It’s probably somewhat ironic that this case was popping up in the news at the same time as the Oregon shooting was taking place but it’s definitely worth noting because similar situations seem to arise after every such tragedy. Following the Newtown shooting, the families of several victims sought to take the manufacturer of the Bushmaster rifle used by Adam Lanza – a subsidiary of Remington Arms in New York – to court, attempting to hold them liable for the shooting. Remington argued that the case needed to be heard in federal court since it wasn’t specific to the Nutmeg State. This week, however, a controversial district court judge has rejected that claim and sent the case back to the state level where the plaintiffs feel they have a better chance of succeeding. (Yahoo News)
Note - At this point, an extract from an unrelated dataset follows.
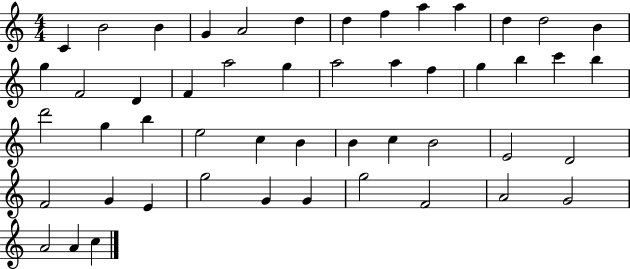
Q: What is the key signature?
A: C major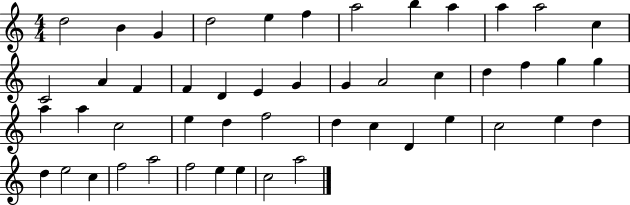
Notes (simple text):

D5/h B4/q G4/q D5/h E5/q F5/q A5/h B5/q A5/q A5/q A5/h C5/q C4/h A4/q F4/q F4/q D4/q E4/q G4/q G4/q A4/h C5/q D5/q F5/q G5/q G5/q A5/q A5/q C5/h E5/q D5/q F5/h D5/q C5/q D4/q E5/q C5/h E5/q D5/q D5/q E5/h C5/q F5/h A5/h F5/h E5/q E5/q C5/h A5/h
A federal judge has sent back to state court a lawsuit filed by the families of 10 victims of the 2012 massacre in a Newtown, Connecticut, elementary school against the maker of the rifle used in the attack.
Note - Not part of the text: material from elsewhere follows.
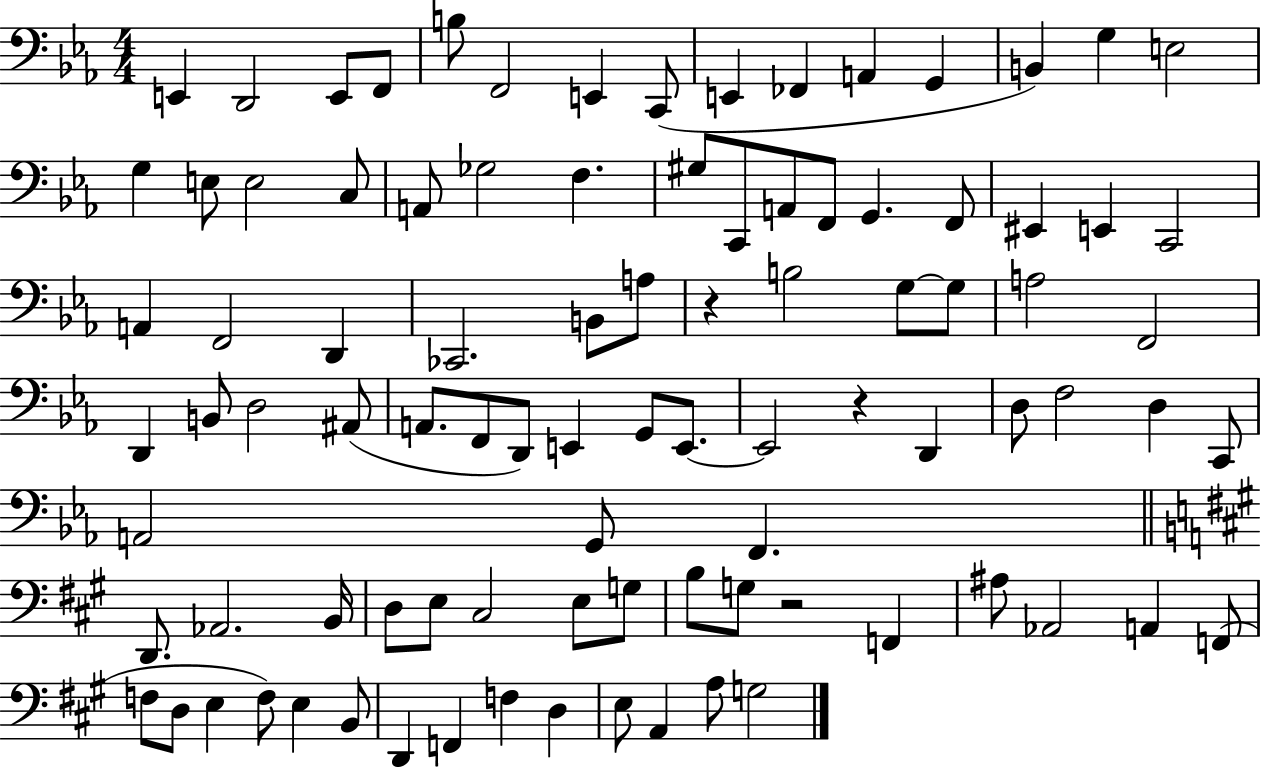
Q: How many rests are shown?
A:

U.S. District Court Judge Robert Chatigny, late Wednesday ruled that the lawsuit against the maker of Bushmaster rifles should be sent back to state court, where it was originally filed.
Shortly after the families brought suit in December 2014, Bushmaster filed to have the case moved to federal court, arguing that a federal law granted broad immunity to the gun industry.
Clearly the lawyers for the plaintiffs wanted this kept at the state level because unless something goes seriously off the rails this suit would fail at the federal level just the same as it will fail on appeal if they obtain a judgement in Connecticut. The 2005 Protection of Lawful Commerce in Arms Act provides the common sense protection which arms manufacturers require against such nuisance lawsuits. It codified what should have been the obvious principle that a manufacturer who sells a properly functioning product can not be held responsible for the actions of maniacs who use said item for something other than its intended purpose any more than you could hold a brick maker liable if someone hits you in the head with one.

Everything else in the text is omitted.